Input for this task >>
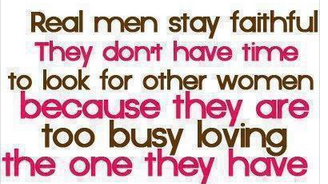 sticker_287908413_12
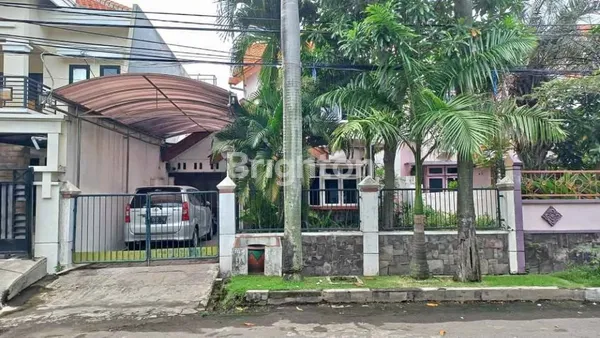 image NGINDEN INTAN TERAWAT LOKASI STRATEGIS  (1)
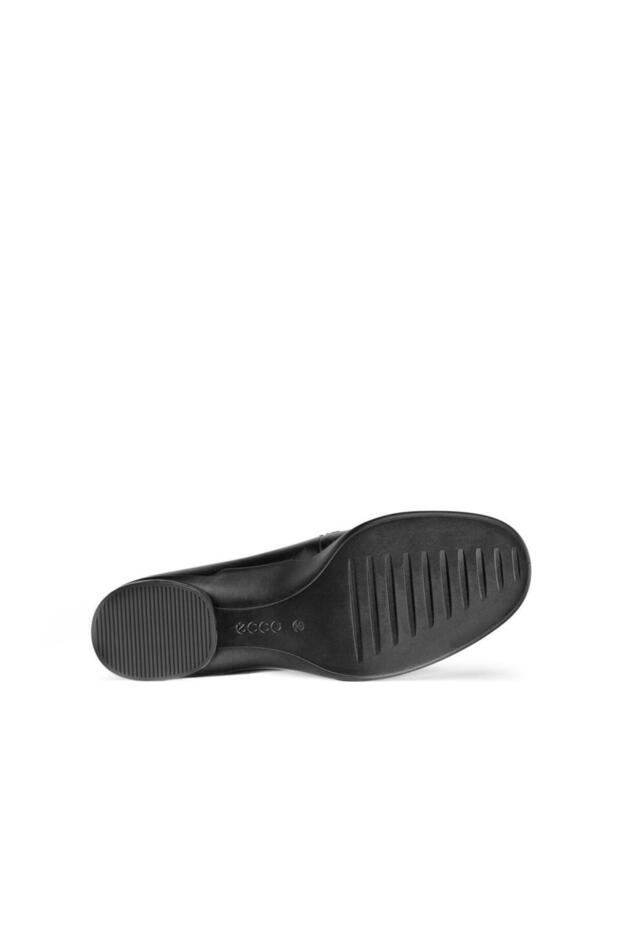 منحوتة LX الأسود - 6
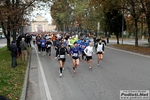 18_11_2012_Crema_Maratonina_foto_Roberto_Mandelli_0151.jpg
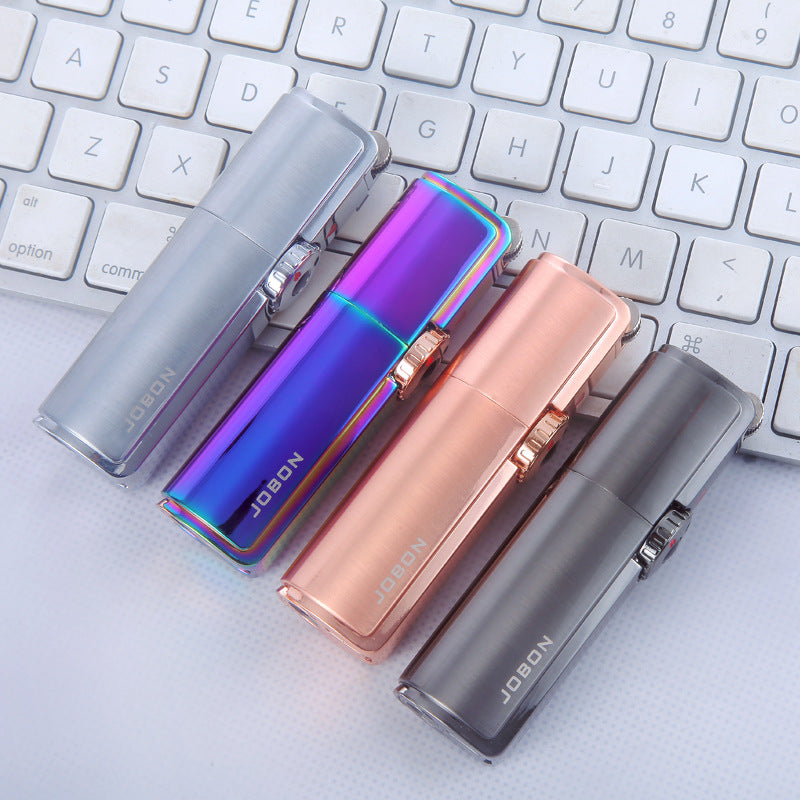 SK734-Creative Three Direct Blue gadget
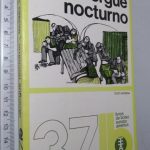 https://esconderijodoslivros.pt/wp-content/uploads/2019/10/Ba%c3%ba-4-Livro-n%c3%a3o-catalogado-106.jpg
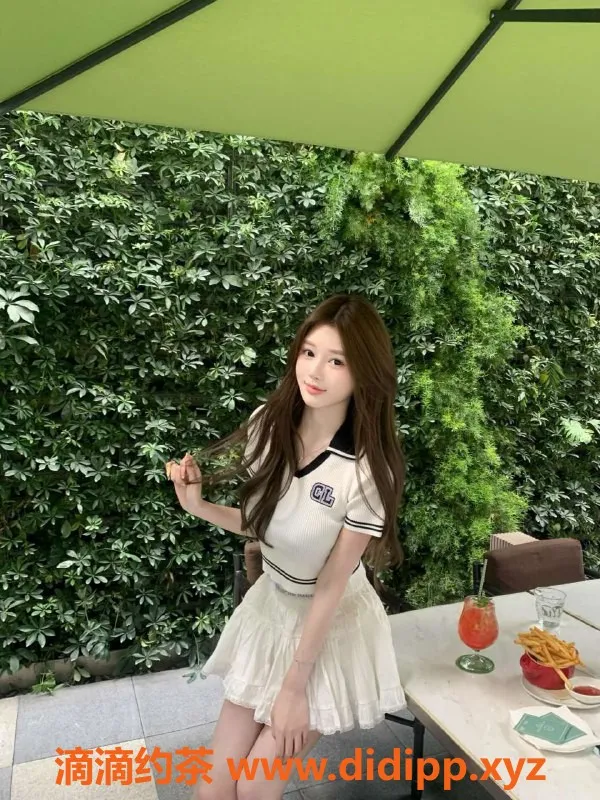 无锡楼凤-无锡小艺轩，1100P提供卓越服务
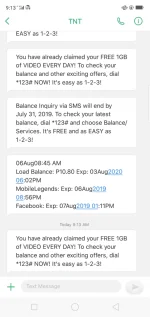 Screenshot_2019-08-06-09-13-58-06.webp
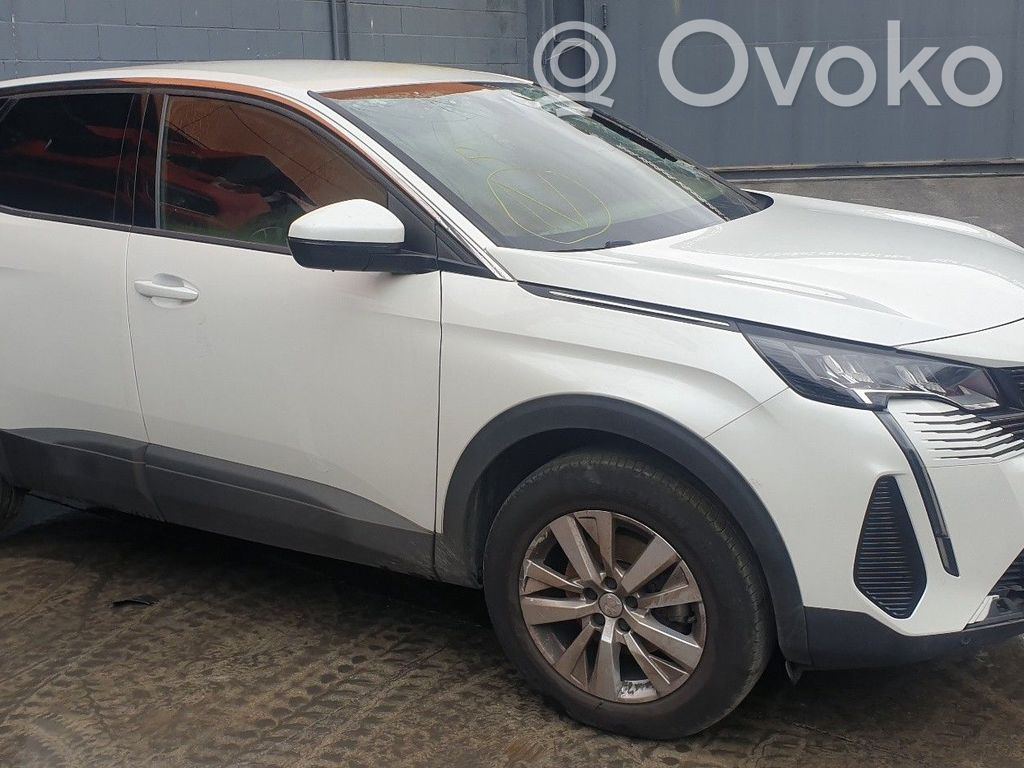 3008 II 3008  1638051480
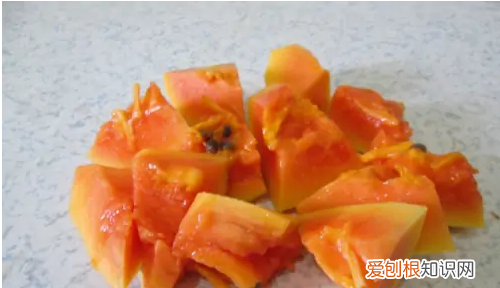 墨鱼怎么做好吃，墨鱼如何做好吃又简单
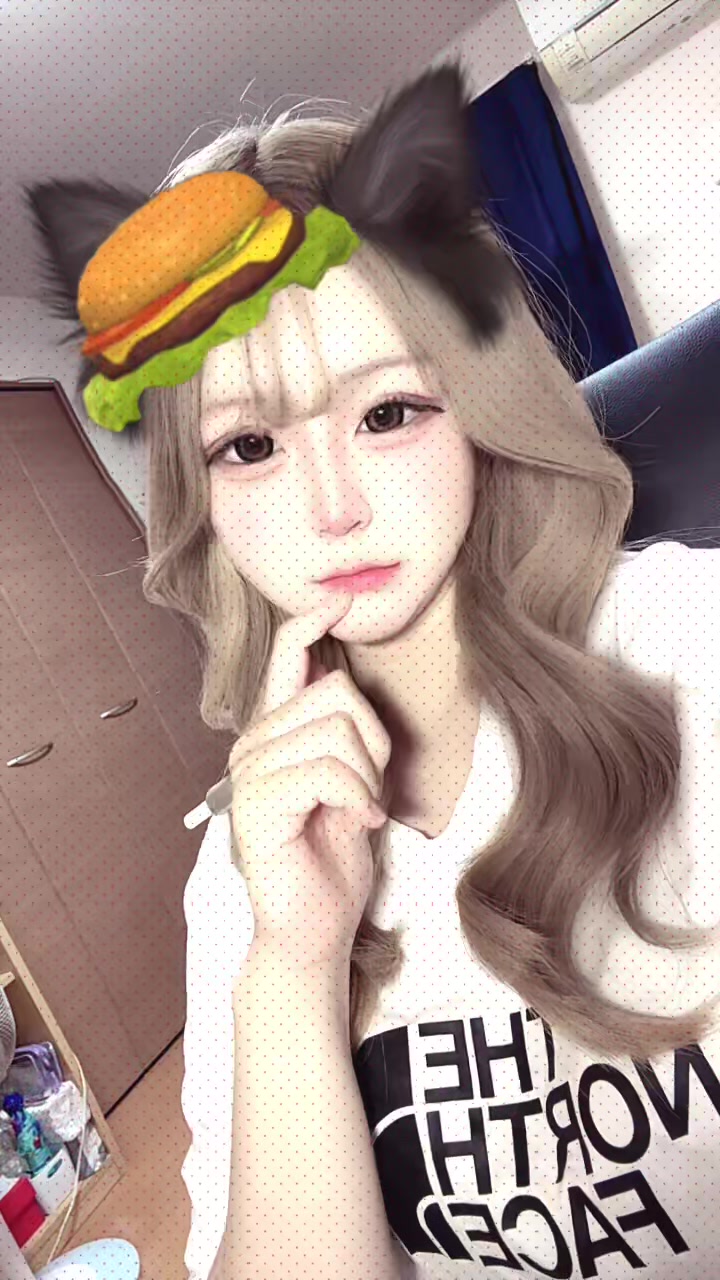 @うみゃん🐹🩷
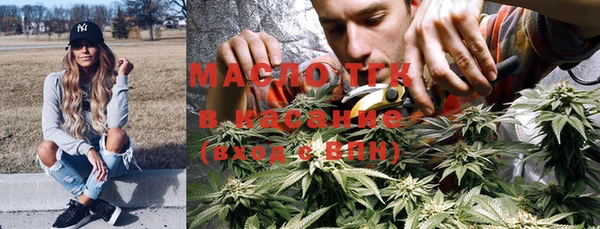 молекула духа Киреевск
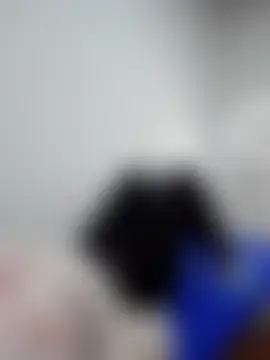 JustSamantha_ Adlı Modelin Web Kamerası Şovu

Work request >>
Without the pictures, transcribe the listing above exactly.

Exercise response >>
 sticker_287908413_12
 image NGINDEN INTAN TERAWAT LOKASI STRATEGIS  (1)
 منحوتة LX الأسود - 6
 18_11_2012_Crema_Maratonina_foto_Roberto_Mandelli_0151.jpg
 SK734-Creative Three Direct Blue gadget
 https://esconderijodoslivros.pt/wp-content/uploads/2019/10/Ba%c3%ba-4-Livro-n%c3%a3o-catalogado-106.jpg
 无锡楼凤-无锡小艺轩，1100P提供卓越服务
 Screenshot_2019-08-06-09-13-58-06.webp
 3008 II 3008  1638051480
 墨鱼怎么做好吃，墨鱼如何做好吃又简单
 @うみゃん🐹🩷
 молекула духа Киреевск
 JustSamantha_ Adlı Modelin Web Kamerası Şovu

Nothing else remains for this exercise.